- Exercise
Give again only what runs from the line with "1036 NW 64th St, Miami, FL 33150 - Photo 16" to the final line of the entries below, exactly as written and without pictures.
### Data for this exercise
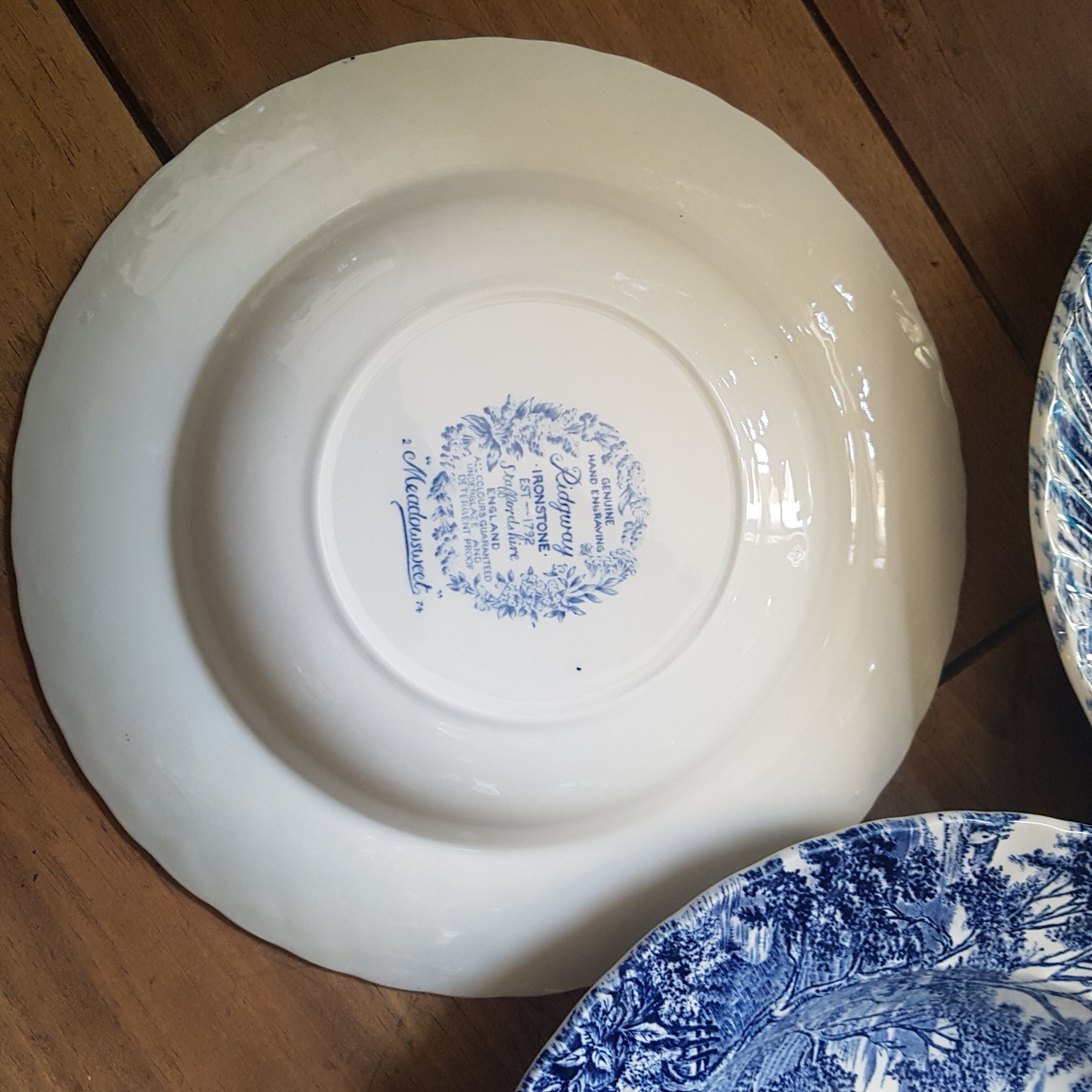 Hollow plate English porcelain set of 6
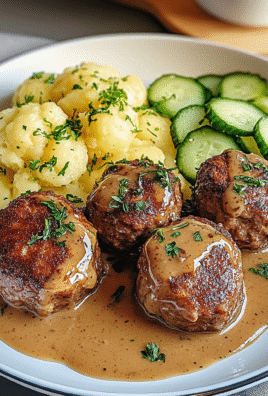 in Creamy Shrimp Alfredo Pasta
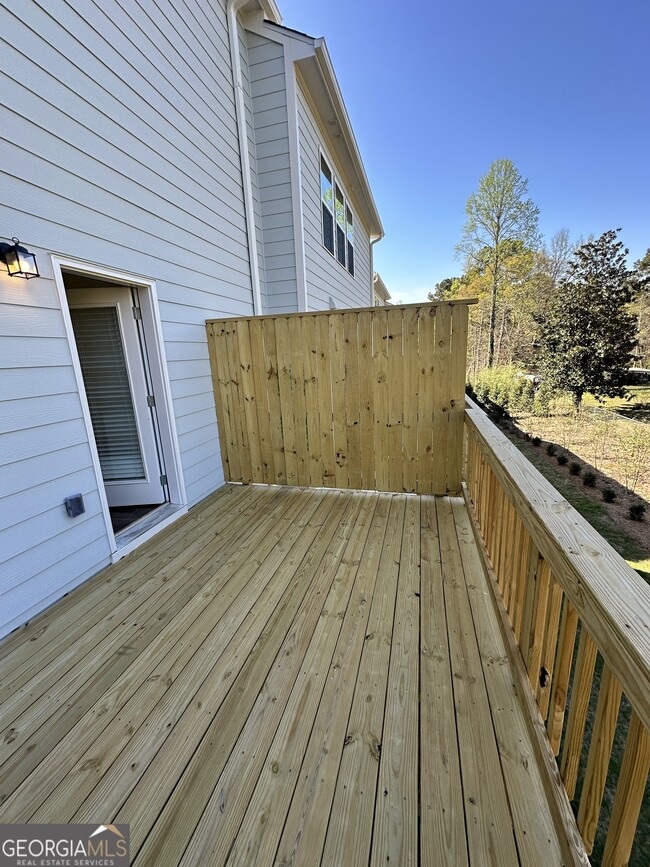 Building Photo - 5772 Plaza Dr SE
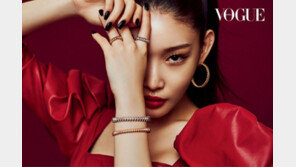 청하, 보석보다 빛나는 화려한 비주얼…시선 압도 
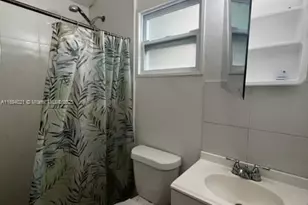 1036 NW 64th St, Miami, FL 33150 - Photo 16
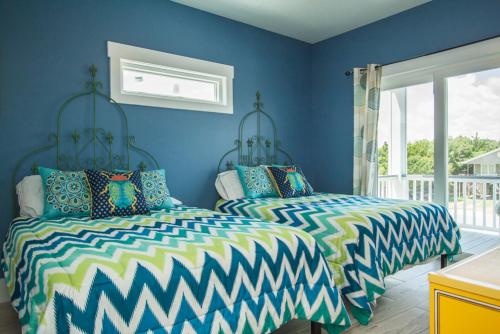 Conch Out by Oak Island Accommodations - photo 9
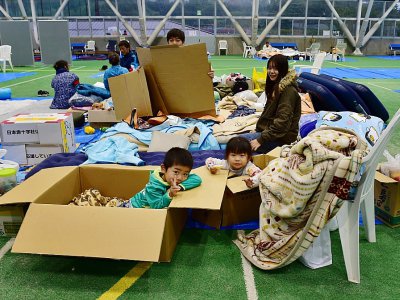 Une famille dans un refuge de Nagano (centre du Japon) après le passage du typhon Hagibis, le 14 octobre 2019 - Kazuhiro NOGI [AFP]
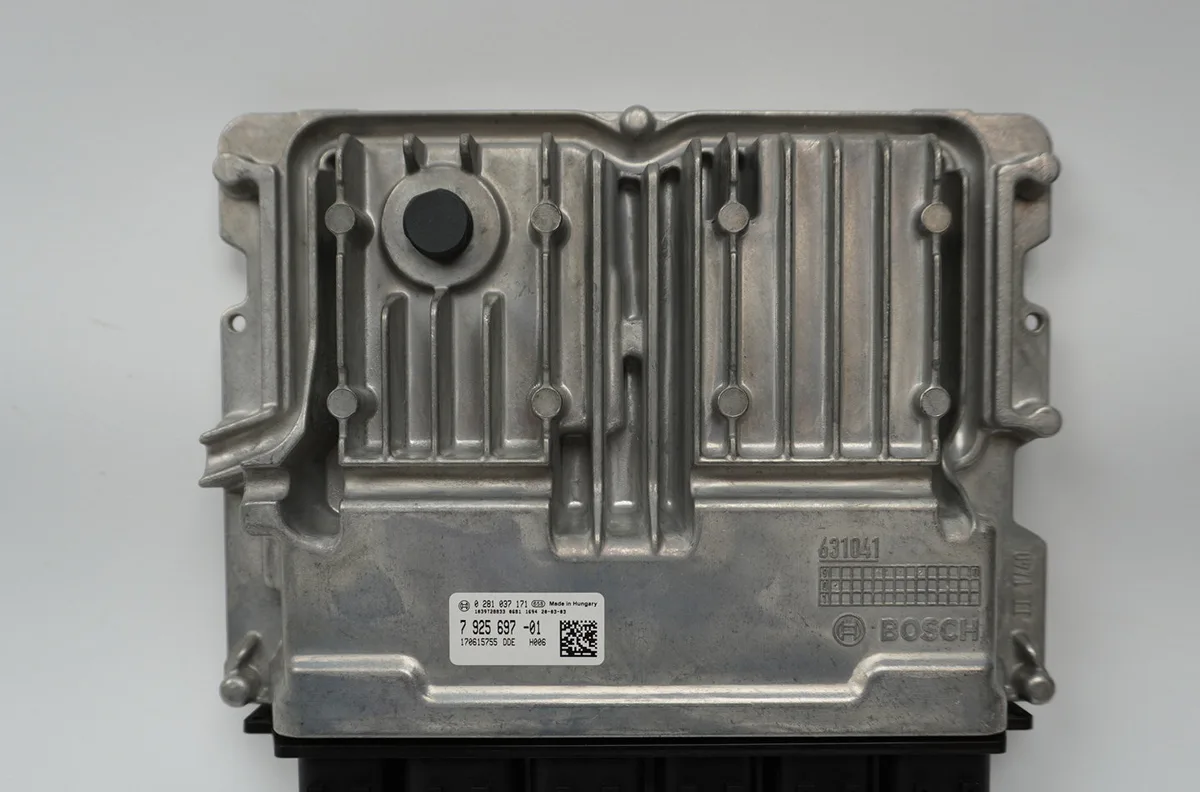 Calculateur moteur Bmw X1 (F48) Sdrive 16 d (2014) occasion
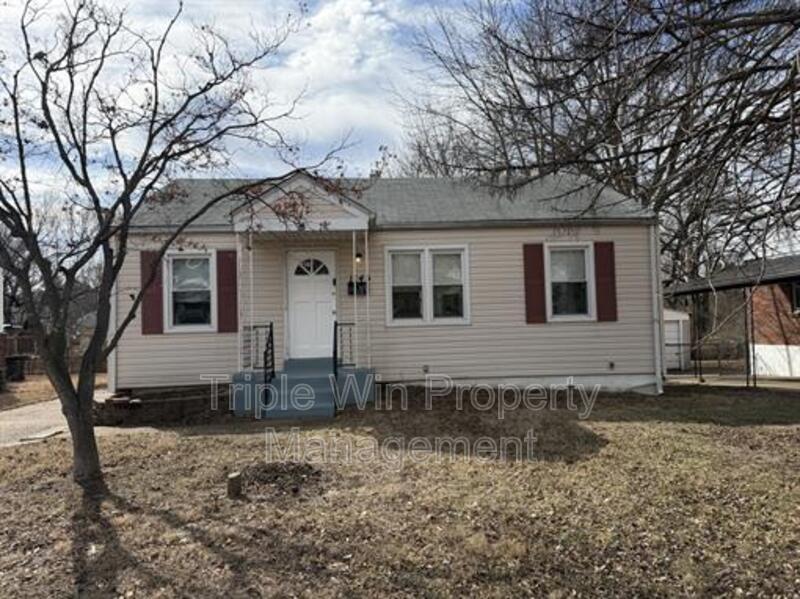 Florissant House: 1145 St Matthew Dr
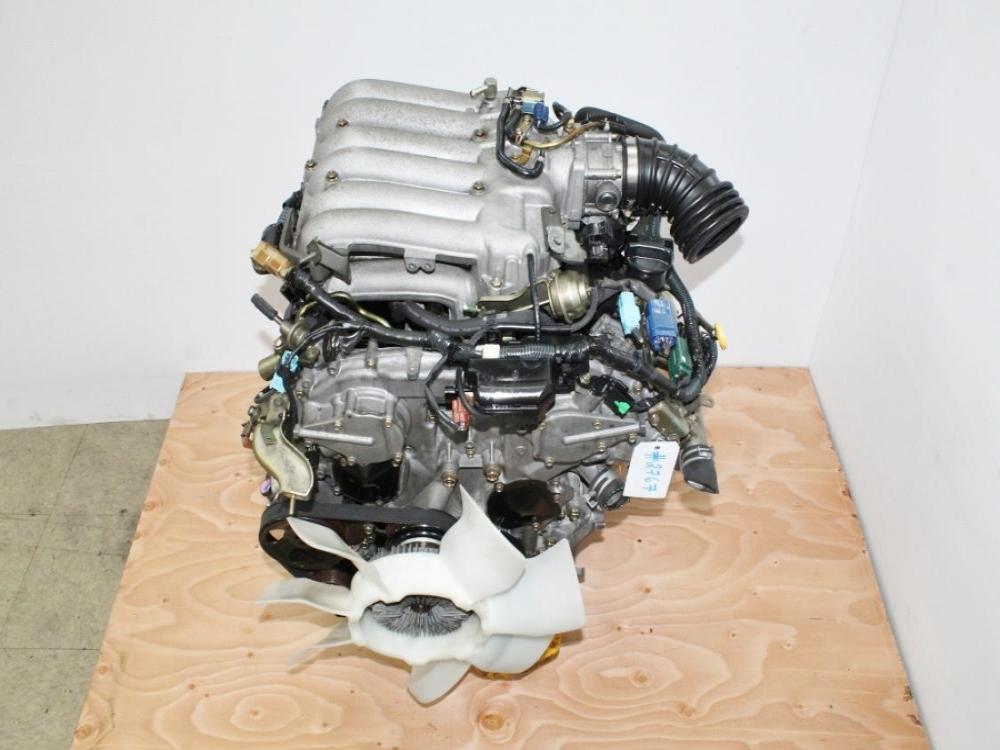 2001-2004 JDM Nissan Pathfinder VQ35DE 3.5L V6 Engine: Image 4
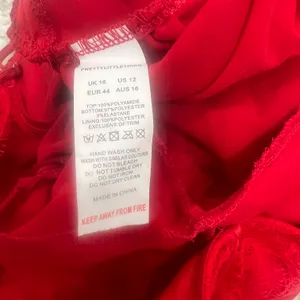 Pretty Little Thing Red Strappy Satin Gathered Midi Dress in Red thumbnail 15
######
- Reply
 1036 NW 64th St, Miami, FL 33150 - Photo 16
 Conch Out by Oak Island Accommodations - photo 9
 Une famille dans un refuge de Nagano (centre du Japon) après le passage du typhon Hagibis, le 14 octobre 2019 - Kazuhiro NOGI [AFP]
 Calculateur moteur Bmw X1 (F48) Sdrive 16 d (2014) occasion
 Florissant House: 1145 St Matthew Dr
 2001-2004 JDM Nissan Pathfinder VQ35DE 3.5L V6 Engine: Image 4
 Pretty Little Thing Red Strappy Satin Gathered Midi Dress in Red thumbnail 15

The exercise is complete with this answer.